§ WHAT THE EXERCISE ASKS:
In this exercise, return only the lines that run from the line with "#buildinpublic #LearnInPublic" to the end of the entries below, both included. Pictures are not copied.

§ LISTED RECORDS:
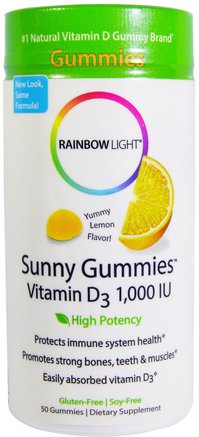 Sunny Gummies, Vitamin D3, Lemon Flavor, 1.000 IU, 50 Gummies by Rainbow Light-Värmekänsliga Produkter, Vitaminer, Vitamin D Gummier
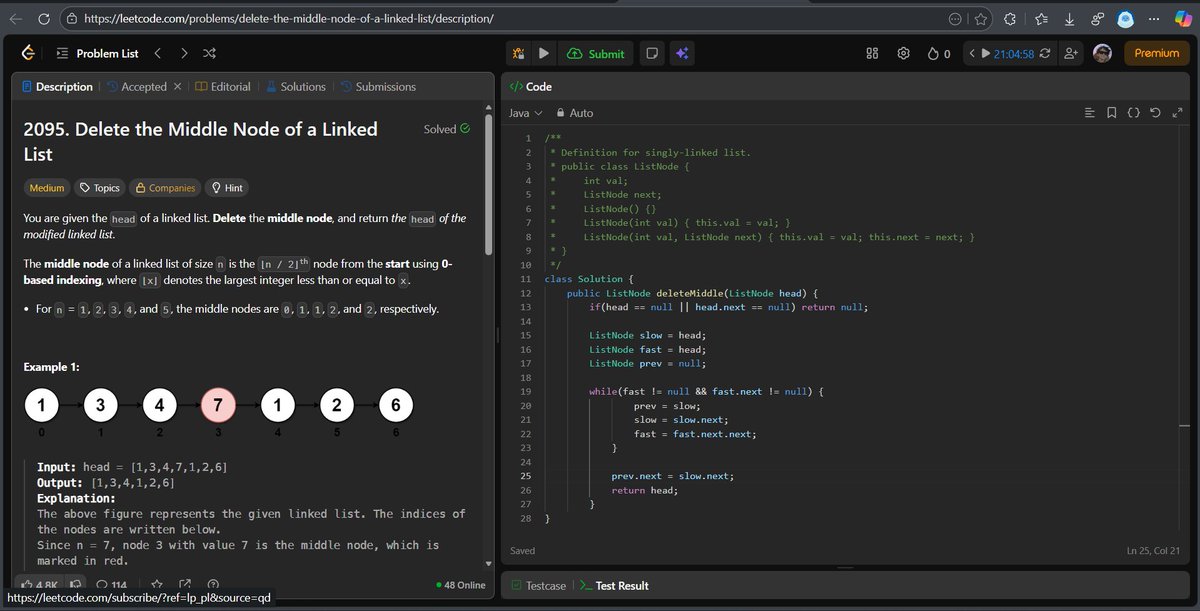ankitgupta_79's tweet image. Day 51 of #100DaysOfCode 

📌Today’s Problems –                                                 

2095. Delete the Middle Node of a Linked List 

#buildinpublic #LearnInPublic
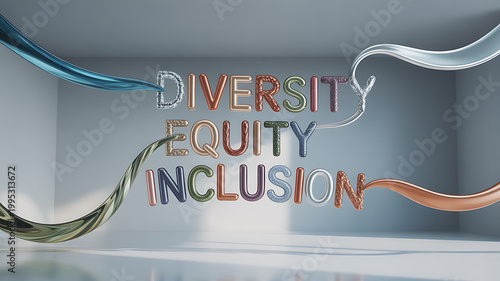 Diversity Equity Inclusion Text Art for high-end commercial advertising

§ SOLUTION:
#buildinpublic #LearnInPublic
 Diversity Equity Inclusion Text Art for high-end commercial advertising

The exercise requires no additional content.